Город — это речь, и на самом деле эта речь является языком. Город говорит со своими гражданами, а мы говорим о наших городах. О городах, в которых мы находимся, просто живя в них, гуляя в них и глядя на них. И тем не менее вся проблема состоит в том, чтобы преодолеть чисто метафорическую стадию фразы “язык города”. Ведь довольно-таки легко как раз метафорически говорить о языке города. Мы абсолютно так же говорим о языке кино или языке цветов. Однако самый настоящий научный скачок будет совершён тогда, когда мы сможем говорить о языке города без метафор. И ведь именно такой скачок сумел выполнить Фрейд, который первым заговорил о “языке сновидений”, очистив это выражение от метафорического смысла и придав ему его настоящий смысл. Мы должны столкнуться с той же проблемой: как перейти от [языка] метафоры к аналитическому [языку], когда мы говорим о языке города? И я снова сошлюсь на урбанистов, пусть они и далеки от проблем семантики города (процитирую отчёт об опросе): “данные, которые можно использовать в социальных науках, не очень хорошо подходят для сборки [их] в отдельные модели”. Раз уж мы только с большой натяжкой можем вписывать в модели те данные о городе, которые дают нам психология, социология, география и демография, то стоило бы воспользоваться последним методом, которого нам не хватает, — методом символов. То есть нам нужна новая научная энергия, чтобы преобразовать данные и перейти от метафоры к описанию значения. Именно здесь семиология (в самом широком смысле этого слова) может помочь нам каким-то пока ещё непредсказуемым способом. И я не хочу обсуждать здесь процесс изобретения семиологии города: вероятно, она бы сначала разбивала “городской текст” на части, затем распределяла бы их на формальные классы и, в конце концов, искала бы закон, по которому эти части могли бы сообразоваться с моделями. Здесь я бы скорее ограничился тремя наблюдениями, которые не имеют прямого отношения к городу, но которые могут быть полезны в ориентации на городскую семиологию. Они позволят быстро подвести итоги семиологии настоящего времени и обратить внимание на то, что в последние несколько лет семиологический “ландшафт” сильно изменился.
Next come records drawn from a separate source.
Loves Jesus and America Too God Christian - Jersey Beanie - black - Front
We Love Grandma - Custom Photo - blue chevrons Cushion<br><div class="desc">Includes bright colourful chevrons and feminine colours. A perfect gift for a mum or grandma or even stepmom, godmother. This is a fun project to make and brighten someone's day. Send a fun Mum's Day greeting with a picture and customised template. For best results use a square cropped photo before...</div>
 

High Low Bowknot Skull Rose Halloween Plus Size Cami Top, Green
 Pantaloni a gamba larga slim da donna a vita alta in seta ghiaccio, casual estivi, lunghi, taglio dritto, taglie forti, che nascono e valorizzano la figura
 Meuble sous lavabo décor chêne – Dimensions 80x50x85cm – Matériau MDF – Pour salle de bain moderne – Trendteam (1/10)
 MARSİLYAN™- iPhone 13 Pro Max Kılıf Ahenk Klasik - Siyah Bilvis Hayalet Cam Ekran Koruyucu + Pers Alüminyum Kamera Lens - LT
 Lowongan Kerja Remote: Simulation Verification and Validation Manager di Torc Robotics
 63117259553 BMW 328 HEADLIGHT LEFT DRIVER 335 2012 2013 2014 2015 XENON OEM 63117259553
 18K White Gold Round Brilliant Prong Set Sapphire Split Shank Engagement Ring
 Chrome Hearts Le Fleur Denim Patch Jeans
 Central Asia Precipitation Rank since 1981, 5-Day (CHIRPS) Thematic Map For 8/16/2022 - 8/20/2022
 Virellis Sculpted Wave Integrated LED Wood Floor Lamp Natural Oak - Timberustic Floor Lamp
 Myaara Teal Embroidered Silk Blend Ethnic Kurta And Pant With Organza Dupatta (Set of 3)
Первое наблюдение состоит в том, что “символизм” (который следует понимать как общий дискурс о значении), вообще говоря, в настоящее время больше не рассматривается как постоянное соответствие между означающими и означаемыми. Это значит, что понятие семантики, которое было фундаментальным ещё несколько лет назад, уже успело устареть. Оно совпало с понятием лексики — так называемым множеством списков соответствий между означаемыми и означающими. И уже сегодня подобный износ понятия лексики обнаруживается во многих исследованиях. Прежде всего вспоминается дистрибутивная семантика учеников Хомского, — Катца и Фодора, — инициировавших внушительное нападение на лексику. Если же мы оставим область лингвистики и перейдём к литературной критике, то мы увидим, что тематическая критика, — по крайней мере во Франции преобладавшая около 15-20 лет и лежавшая в основе исследований, называемых нами новой критикой, — в настоящее время ограничена и деформирована в ущерб означаемым, которые она предполагала расшифровать. Наконец, мы больше не можем говорить и о почленном символизме (symbolisme terme à terme) в психоанализе — очевидно, это мёртвая часть учения Фрейда: [такая] психоаналитическая лексика больше не возможна. И всё это, конечно, бросает тень на слово “символ”, всегда предполагавшее, что означающее отношение основывается на означаемом, на его присутствии. Лично я использую это слово, как относящееся не к семантической означающей системе, а к синтагматической и/или парадигматической. Ведь нужно проводить чёткое различие между тем, что символ семантически охватывает, и тем, что представляет из себя его синтагматическая или парадигматическая природа.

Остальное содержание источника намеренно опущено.